Segment Open

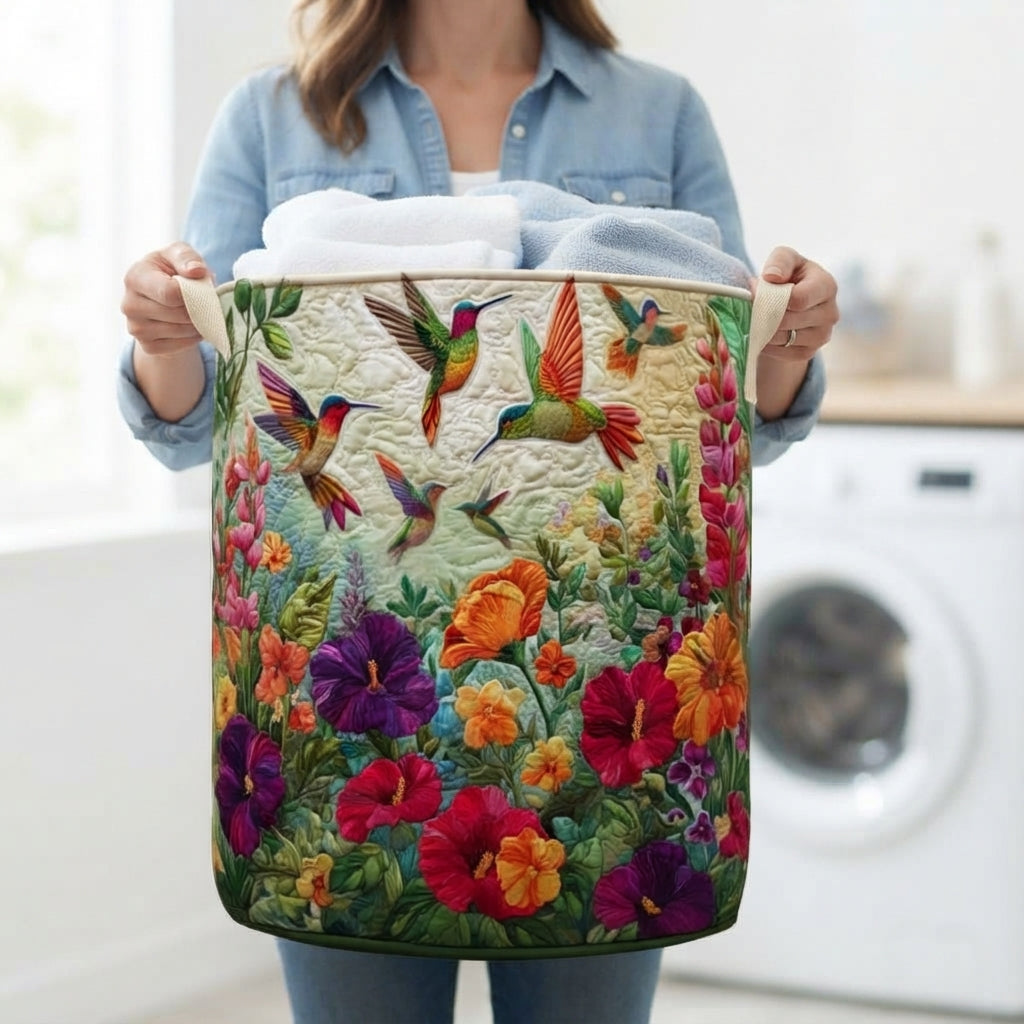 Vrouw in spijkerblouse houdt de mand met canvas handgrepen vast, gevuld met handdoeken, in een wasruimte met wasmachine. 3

Segment Closed
Segment Open

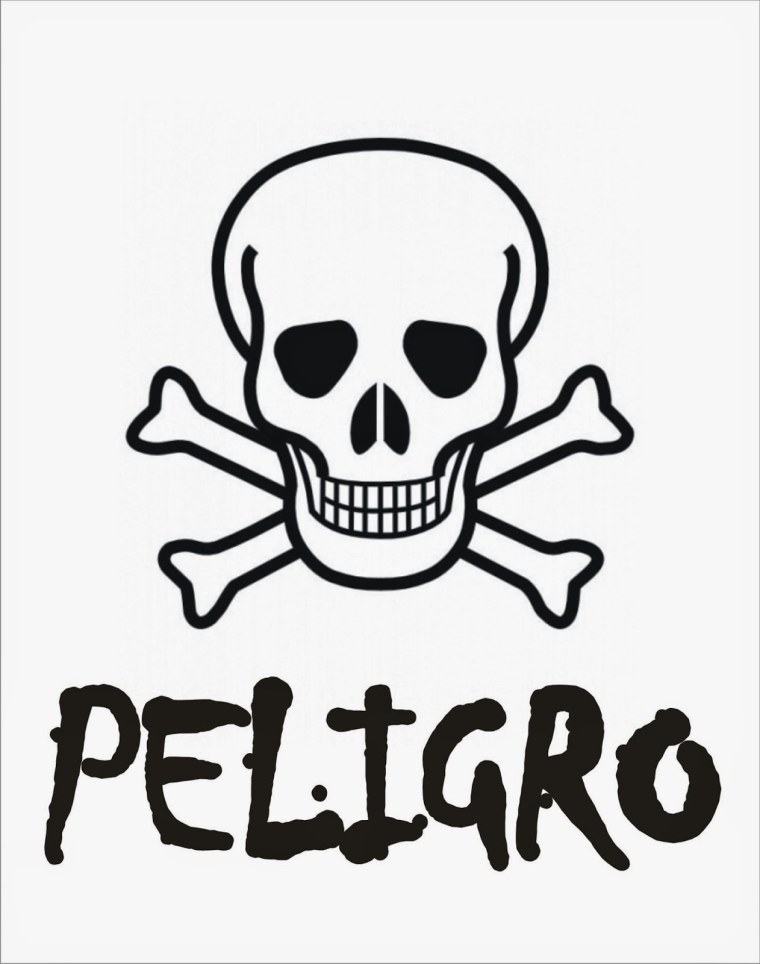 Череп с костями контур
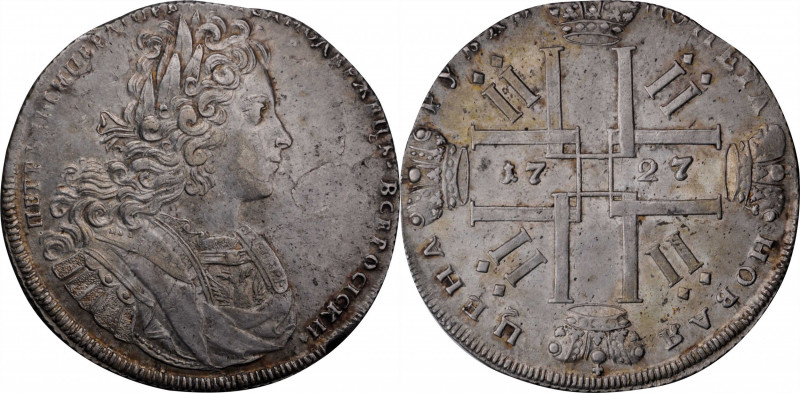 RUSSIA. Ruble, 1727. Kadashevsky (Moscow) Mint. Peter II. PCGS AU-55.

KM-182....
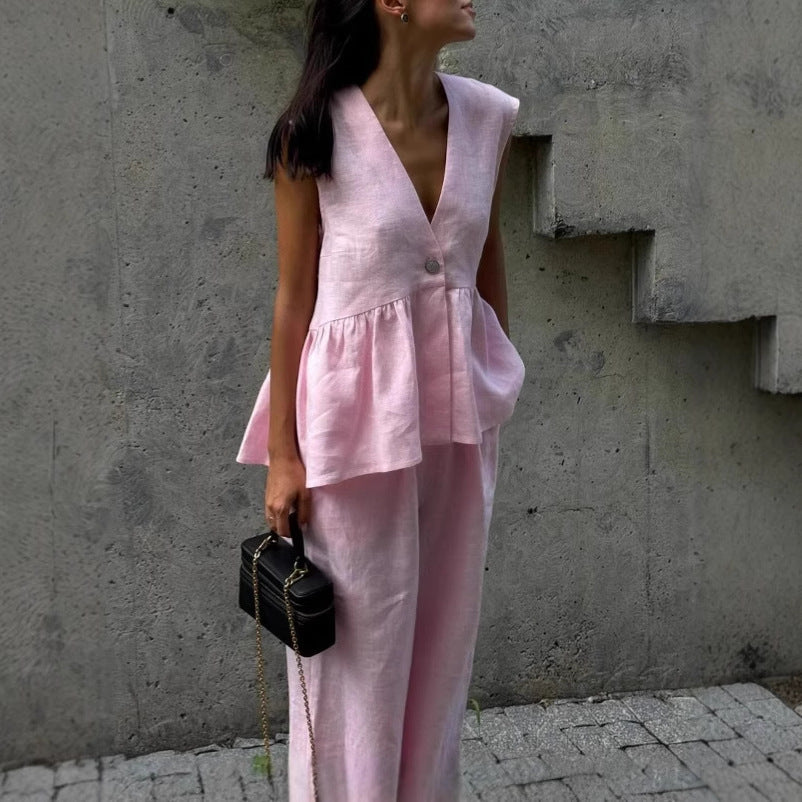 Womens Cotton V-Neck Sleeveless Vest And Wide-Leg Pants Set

Segment Closed
Segment Open

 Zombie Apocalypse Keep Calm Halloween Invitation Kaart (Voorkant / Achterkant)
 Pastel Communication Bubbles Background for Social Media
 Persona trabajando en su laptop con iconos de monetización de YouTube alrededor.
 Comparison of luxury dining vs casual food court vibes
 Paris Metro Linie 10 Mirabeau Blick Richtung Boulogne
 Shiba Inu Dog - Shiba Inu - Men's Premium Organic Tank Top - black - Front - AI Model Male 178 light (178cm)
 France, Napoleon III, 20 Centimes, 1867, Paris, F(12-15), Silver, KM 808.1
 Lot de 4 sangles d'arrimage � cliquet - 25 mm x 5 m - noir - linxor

Segment Closed

Although the records above contain pictures, the copy must not; set down exactly the lines from the one with "Череп с костями контур" up to and including the one with "Womens Cotton V-Neck".

▶ [EXERCISE SOLUTION]:
 Череп с костями контур
 RUSSIA. Ruble, 1727. Kadashevsky (Moscow) Mint. Peter II. PCGS AU-55.

KM-182....
 Womens Cotton V-Neck Sleeveless Vest And Wide-Leg Pants Set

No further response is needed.